DATASET CONTENT
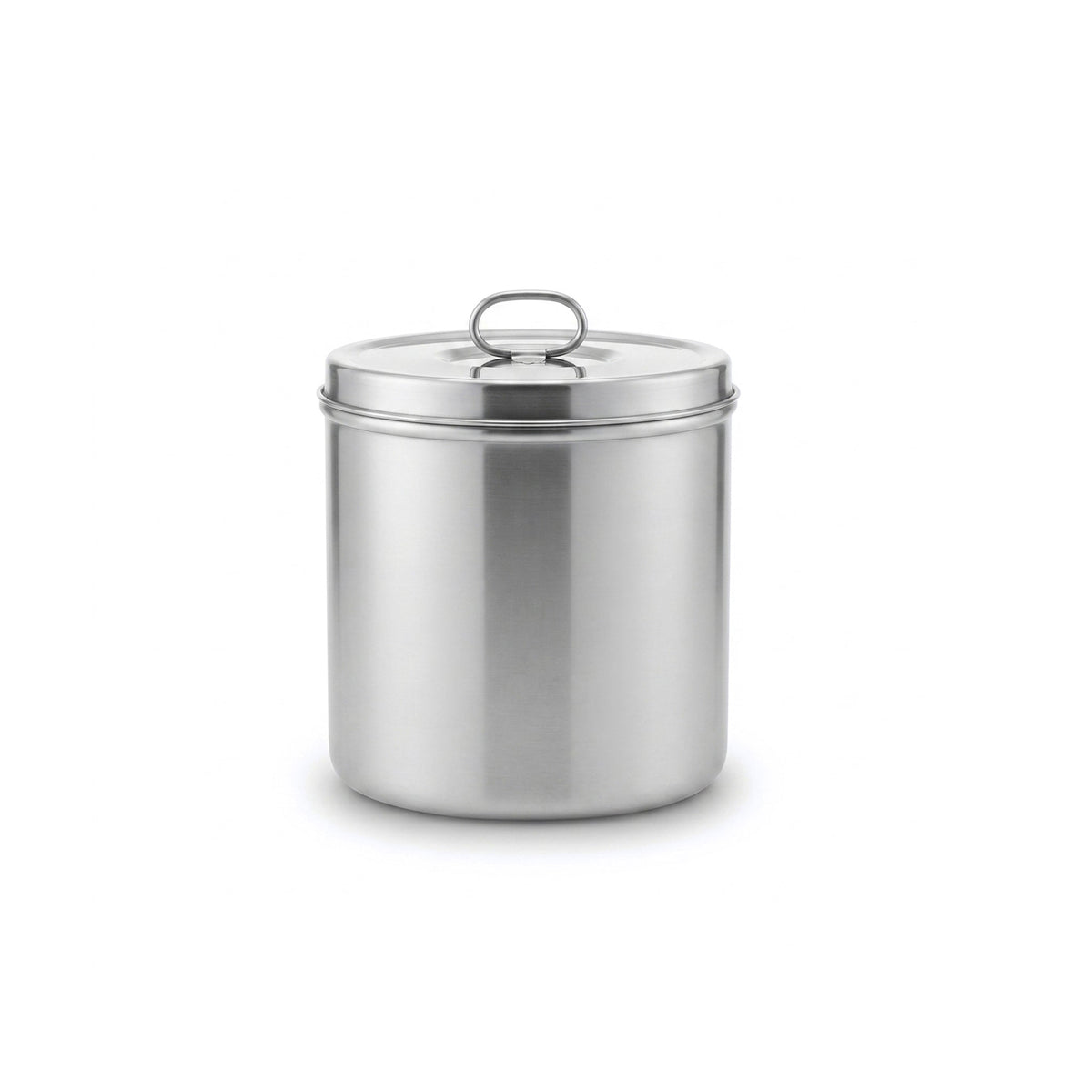 R/S Stainless Steel Cylindrical Storage Container Kaka Bawa Sons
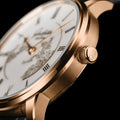 Senator Meissen Limited Edition Red Gold 40mm - White on Leather Strap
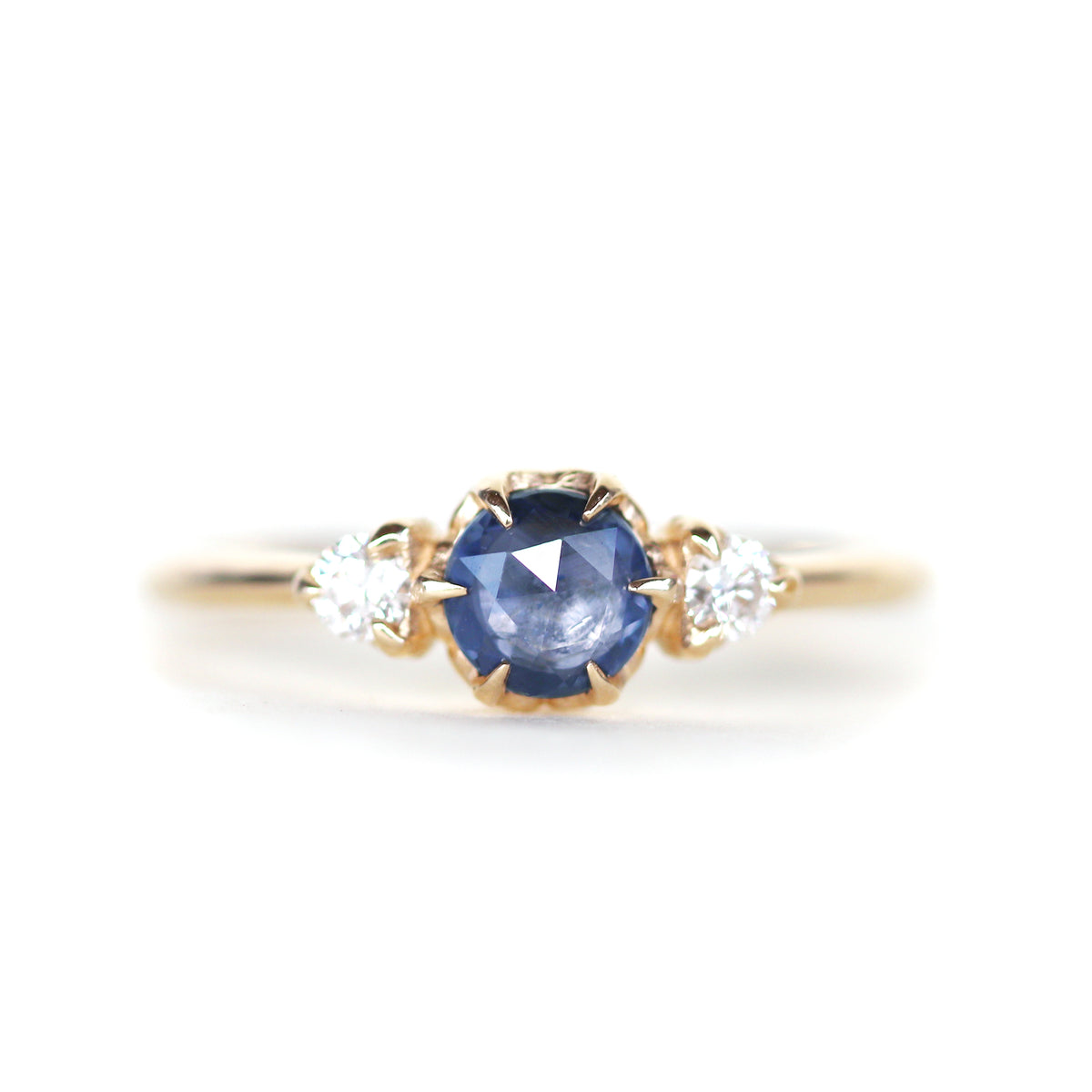 Cici - Classic Three Stone Engagement Ring Mount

EXERCISE BRIEF
Pictures are to be omitted from the copy. Reproduce exactly, and only, the lines from the one containing "Senator Meissen Limited" to the end of the listing above.

ANSWER AREA
 Senator Meissen Limited Edition Red Gold 40mm - White on Leather Strap
 Cici - Classic Three Stone Engagement Ring Mount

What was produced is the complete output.